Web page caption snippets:

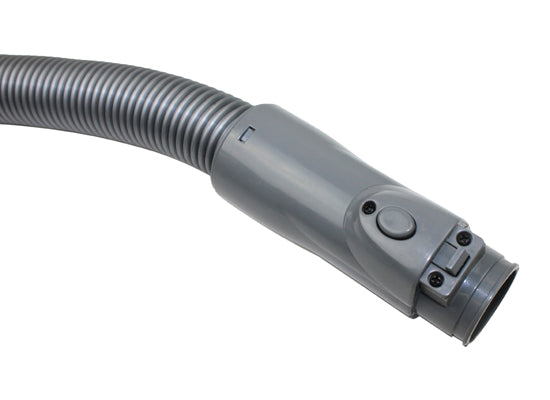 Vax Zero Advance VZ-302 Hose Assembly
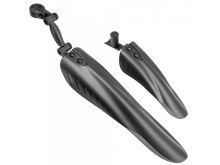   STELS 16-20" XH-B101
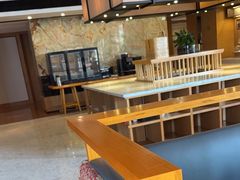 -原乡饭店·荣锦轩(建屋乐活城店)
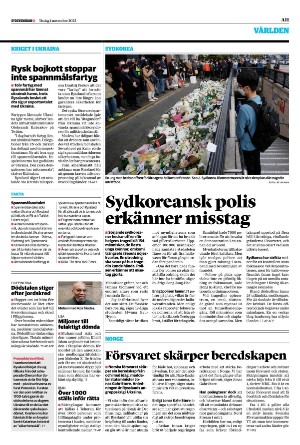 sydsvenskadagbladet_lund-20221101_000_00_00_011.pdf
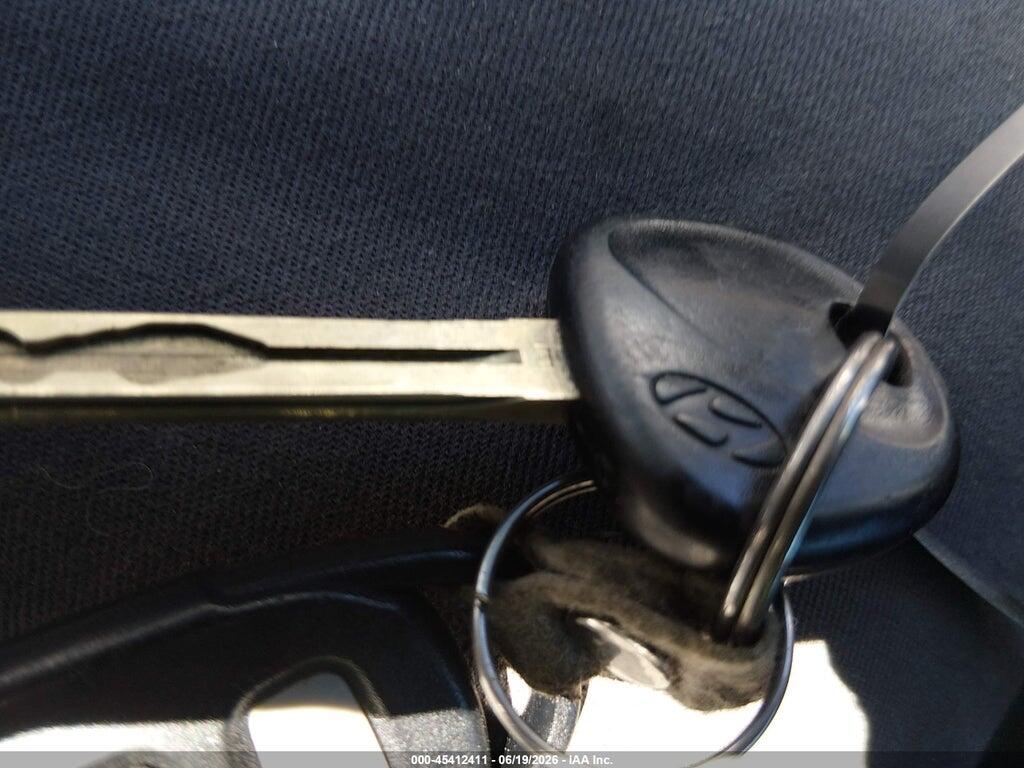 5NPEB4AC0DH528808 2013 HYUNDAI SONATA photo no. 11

EXERCISE DESCRIPTION
Leave out the pictures, and retype exactly the lines from the one containing "sydsvenskadagbladet_lund-20221101_000_00_00_011.pdf" through the last line of the data above, no more and no less.

EXPECTED OUTPUT
 sydsvenskadagbladet_lund-20221101_000_00_00_011.pdf
 5NPEB4AC0DH528808 2013 HYUNDAI SONATA photo no. 11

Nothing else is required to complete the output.